An interpretive history of phonological science

John J. Ohala


Considering the difficulty of studying the structure and behavior of speech sounds which are complex, involving physical, physiological, psychological, and social mechanisms, most of it hidden from direct view, ancient descriptions of speech sounds and their behavior were remarkably advanced (e.g., by Pāņini (5th c BPE), the Greek grammarians (2nd c BPE), al Khalil ibn Ahmad and Sībawaihi (8th c), the Icelandic grammarian (13th c), and the Korean King Sejong (15th c)). This contrasts with the fanciful theories in biology, physics, astronomy, and other natural sciences, which only reached empirical maturity in the 17th to 19th c.

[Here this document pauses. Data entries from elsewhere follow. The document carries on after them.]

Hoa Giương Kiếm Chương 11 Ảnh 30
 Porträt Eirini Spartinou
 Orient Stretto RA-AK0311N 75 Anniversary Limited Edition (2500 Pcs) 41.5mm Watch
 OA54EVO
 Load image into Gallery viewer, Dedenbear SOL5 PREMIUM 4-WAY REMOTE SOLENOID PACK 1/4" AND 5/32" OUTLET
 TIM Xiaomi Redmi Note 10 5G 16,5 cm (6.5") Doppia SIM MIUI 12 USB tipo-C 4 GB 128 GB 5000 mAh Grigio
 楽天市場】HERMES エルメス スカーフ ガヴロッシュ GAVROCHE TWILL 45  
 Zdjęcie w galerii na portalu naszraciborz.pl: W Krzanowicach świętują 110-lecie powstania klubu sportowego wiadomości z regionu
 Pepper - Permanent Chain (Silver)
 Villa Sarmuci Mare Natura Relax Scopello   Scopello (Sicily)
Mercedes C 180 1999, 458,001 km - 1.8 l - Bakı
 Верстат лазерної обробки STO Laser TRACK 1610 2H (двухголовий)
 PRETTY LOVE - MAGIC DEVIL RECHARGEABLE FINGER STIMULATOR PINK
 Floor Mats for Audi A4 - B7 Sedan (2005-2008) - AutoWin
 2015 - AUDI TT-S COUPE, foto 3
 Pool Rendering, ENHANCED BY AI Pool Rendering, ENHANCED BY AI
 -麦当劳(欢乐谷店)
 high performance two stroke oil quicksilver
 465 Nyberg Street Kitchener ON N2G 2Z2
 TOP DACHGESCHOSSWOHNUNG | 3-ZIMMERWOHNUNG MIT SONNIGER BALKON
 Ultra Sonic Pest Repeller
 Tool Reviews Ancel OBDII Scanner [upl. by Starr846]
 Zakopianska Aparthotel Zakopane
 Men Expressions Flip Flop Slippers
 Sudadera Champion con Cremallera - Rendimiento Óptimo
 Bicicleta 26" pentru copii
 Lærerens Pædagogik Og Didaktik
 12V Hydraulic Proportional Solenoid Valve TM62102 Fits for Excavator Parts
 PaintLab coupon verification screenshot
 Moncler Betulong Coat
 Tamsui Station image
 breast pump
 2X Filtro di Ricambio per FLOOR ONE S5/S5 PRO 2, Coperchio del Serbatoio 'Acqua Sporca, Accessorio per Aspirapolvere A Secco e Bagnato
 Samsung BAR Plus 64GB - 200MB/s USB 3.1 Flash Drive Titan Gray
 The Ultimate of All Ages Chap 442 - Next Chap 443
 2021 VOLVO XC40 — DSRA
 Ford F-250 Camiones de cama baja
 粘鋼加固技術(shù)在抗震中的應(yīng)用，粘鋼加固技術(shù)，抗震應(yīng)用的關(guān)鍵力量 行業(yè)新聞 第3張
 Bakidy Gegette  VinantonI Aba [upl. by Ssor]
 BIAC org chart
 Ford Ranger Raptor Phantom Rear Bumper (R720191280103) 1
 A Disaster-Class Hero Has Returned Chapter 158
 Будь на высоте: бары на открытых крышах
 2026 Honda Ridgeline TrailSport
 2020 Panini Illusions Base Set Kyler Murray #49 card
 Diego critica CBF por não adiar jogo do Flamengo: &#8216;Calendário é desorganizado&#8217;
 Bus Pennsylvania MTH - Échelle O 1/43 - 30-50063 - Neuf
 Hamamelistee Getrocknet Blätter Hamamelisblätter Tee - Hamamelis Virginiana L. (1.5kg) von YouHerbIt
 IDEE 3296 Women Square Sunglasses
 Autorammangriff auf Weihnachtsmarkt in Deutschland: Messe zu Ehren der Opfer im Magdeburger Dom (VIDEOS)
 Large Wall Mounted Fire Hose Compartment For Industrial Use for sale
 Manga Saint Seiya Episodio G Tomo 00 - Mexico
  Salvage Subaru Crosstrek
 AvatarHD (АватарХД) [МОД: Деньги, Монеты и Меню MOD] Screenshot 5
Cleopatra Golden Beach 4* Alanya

Important studies elucidating the mechanism of speech and the nature of speech sounds were done in the 18th and 19th centuries. Nevertheless, starting in the early decades of the 20th c, phonological science took a different path or, perhaps, two different paths. One, an empirically and scientifically worthy tradition (known as experimental phonetics and phonology or laboratory phonology) which continues, but the other, the mainstream, which has wandered off into what amounts to speculative philosophy where theories are only expected to function on paper, not in the real world. After this interpretive (admittedly, some might call it a ‘biased’) history I will illustrate the flaw of focusing almost exclusively on paper representations of speech sounds. Examples will be drawn from the shift in place of articulation of obstruents before specific vowels and from the chameleon-like behavior of labial velar stops such as [kp].